**RECORDS SHOWN:**
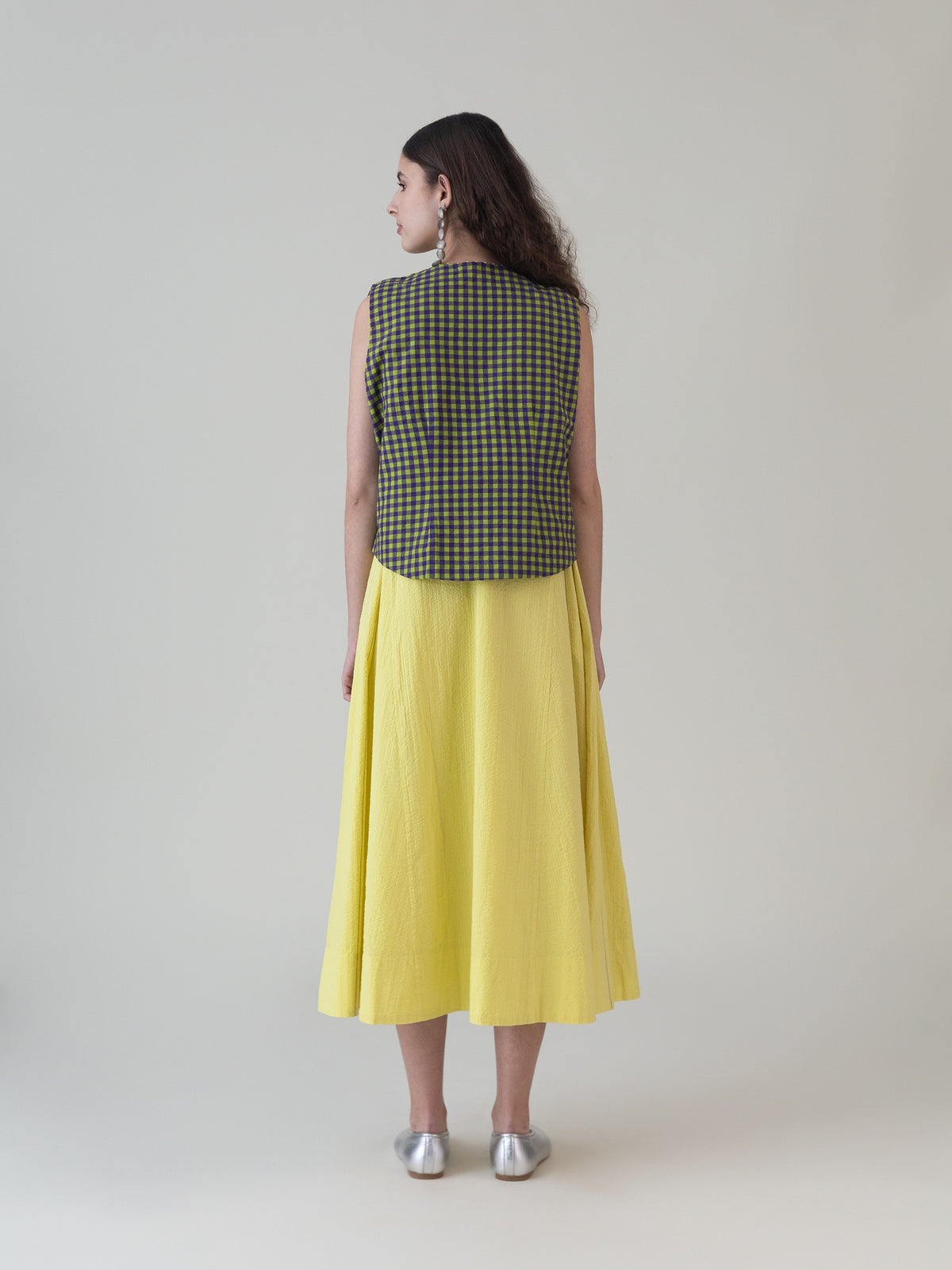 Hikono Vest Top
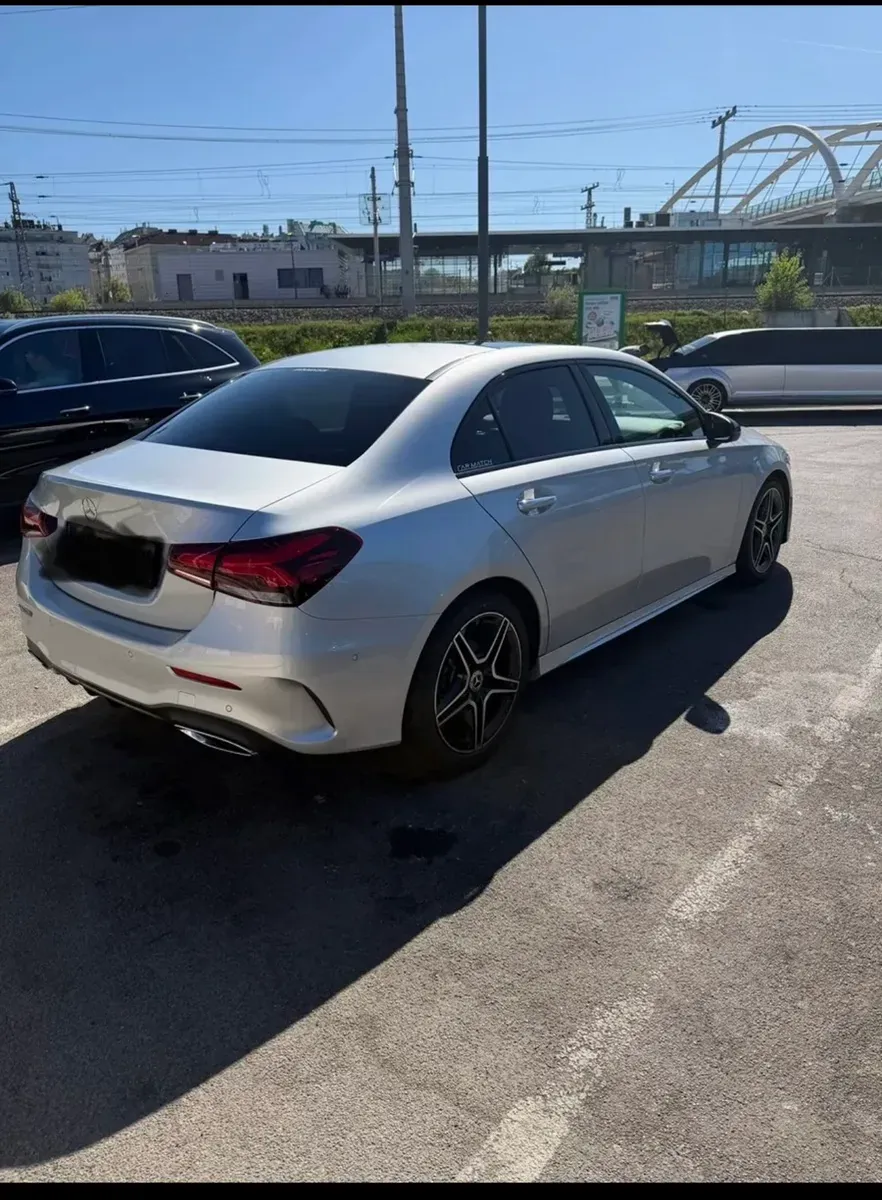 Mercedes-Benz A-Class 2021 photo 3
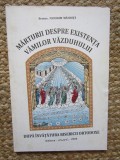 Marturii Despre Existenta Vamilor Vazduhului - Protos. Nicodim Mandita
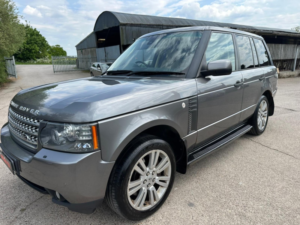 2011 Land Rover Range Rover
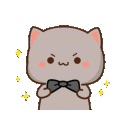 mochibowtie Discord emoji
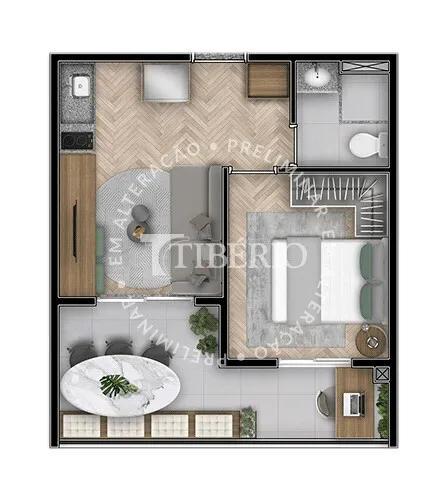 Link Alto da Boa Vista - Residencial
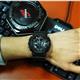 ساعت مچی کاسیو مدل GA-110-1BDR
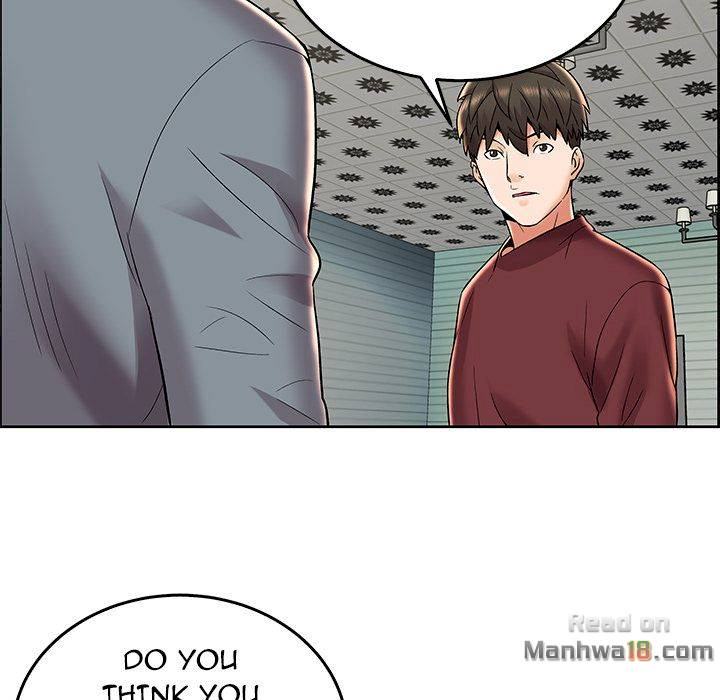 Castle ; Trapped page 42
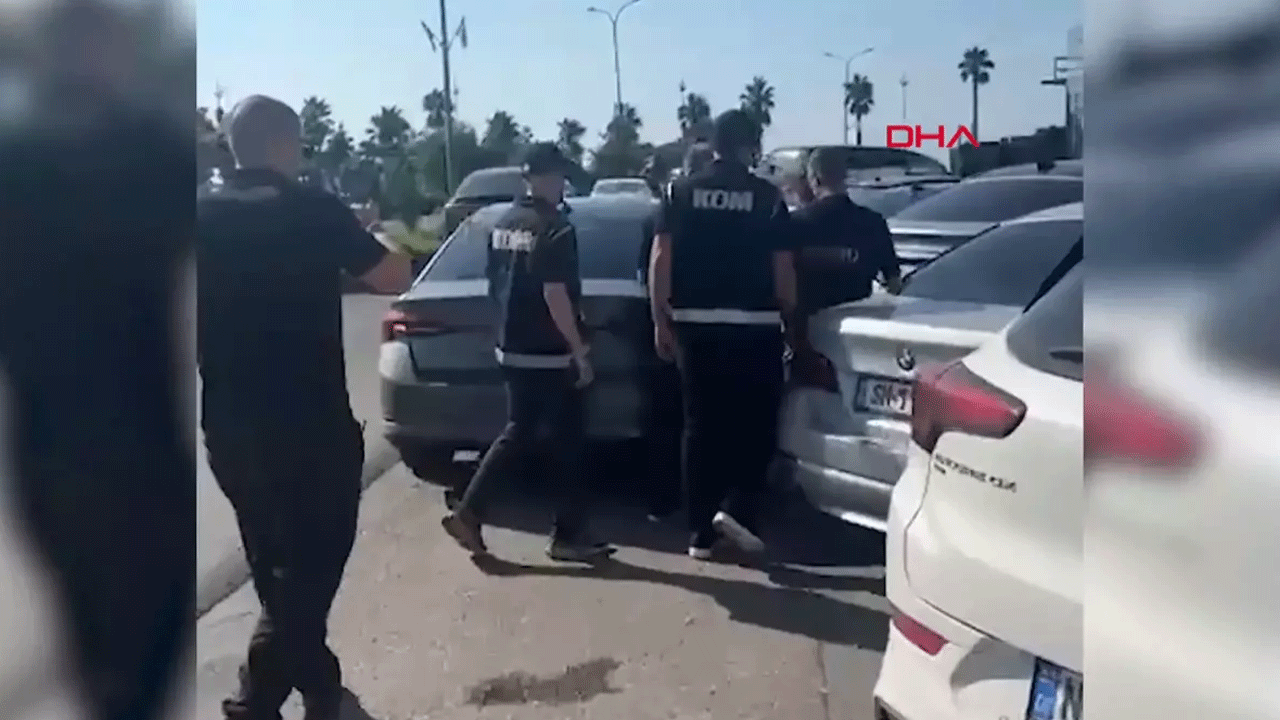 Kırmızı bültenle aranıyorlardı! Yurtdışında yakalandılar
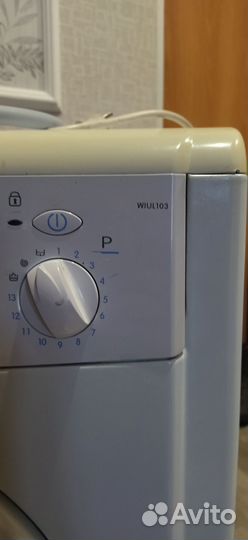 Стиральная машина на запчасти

--

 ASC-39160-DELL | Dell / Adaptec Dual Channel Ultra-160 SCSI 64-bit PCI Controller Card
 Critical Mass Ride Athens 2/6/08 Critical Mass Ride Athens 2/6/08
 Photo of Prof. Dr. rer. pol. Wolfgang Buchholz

...

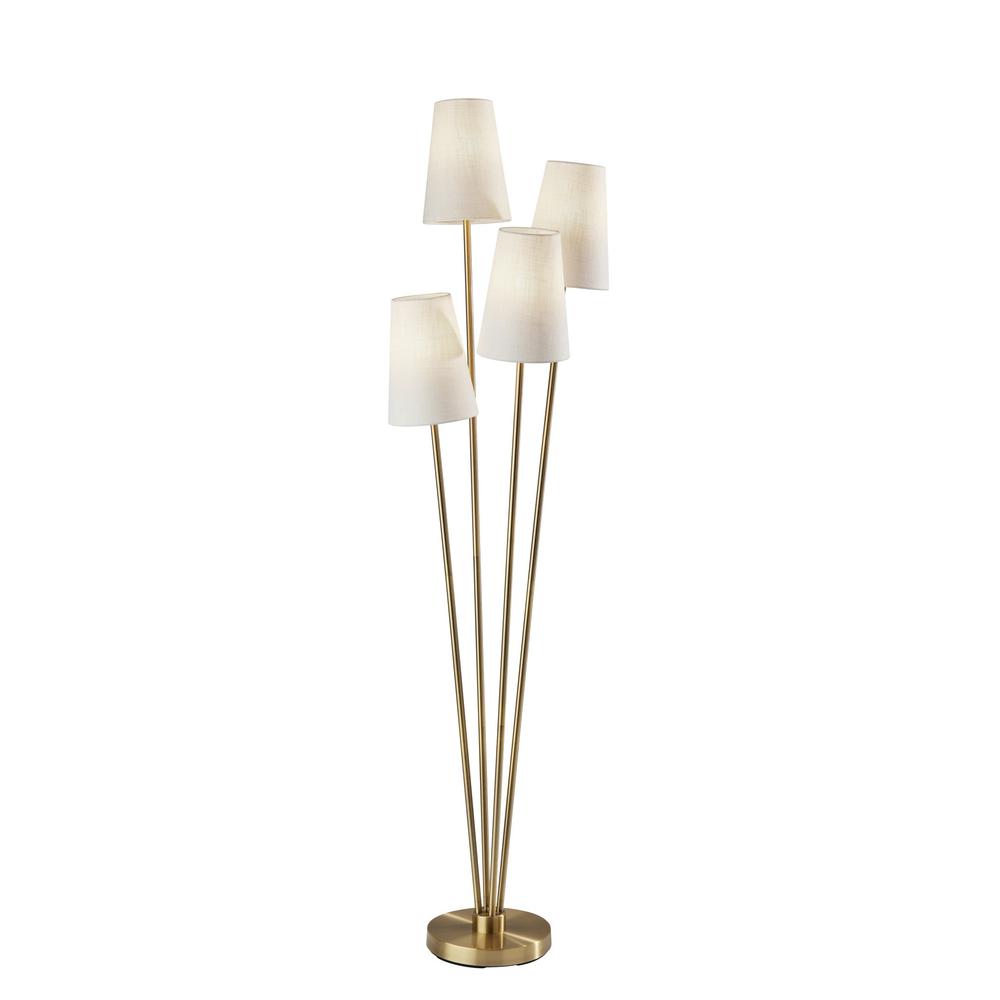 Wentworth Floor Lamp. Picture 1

**EXERCISE DESCRIPTION:**
Copy the lines above between the one holding "Hikono Vest Top" and the one holding "Стиральная машина на запчасти", inclusive. Drop the pictures.

**SOLUTION:**
 Hikono Vest Top
 Mercedes-Benz A-Class 2021 photo 3
 Marturii Despre Existenta Vamilor Vazduhului - Protos. Nicodim Mandita
 2011 Land Rover Range Rover
 mochibowtie Discord emoji
 Link Alto da Boa Vista - Residencial
 ساعت مچی کاسیو مدل GA-110-1BDR
 Castle ; Trapped page 42
 Kırmızı bültenle aranıyorlardı! Yurtdışında yakalandılar
 Стиральная машина на запчасти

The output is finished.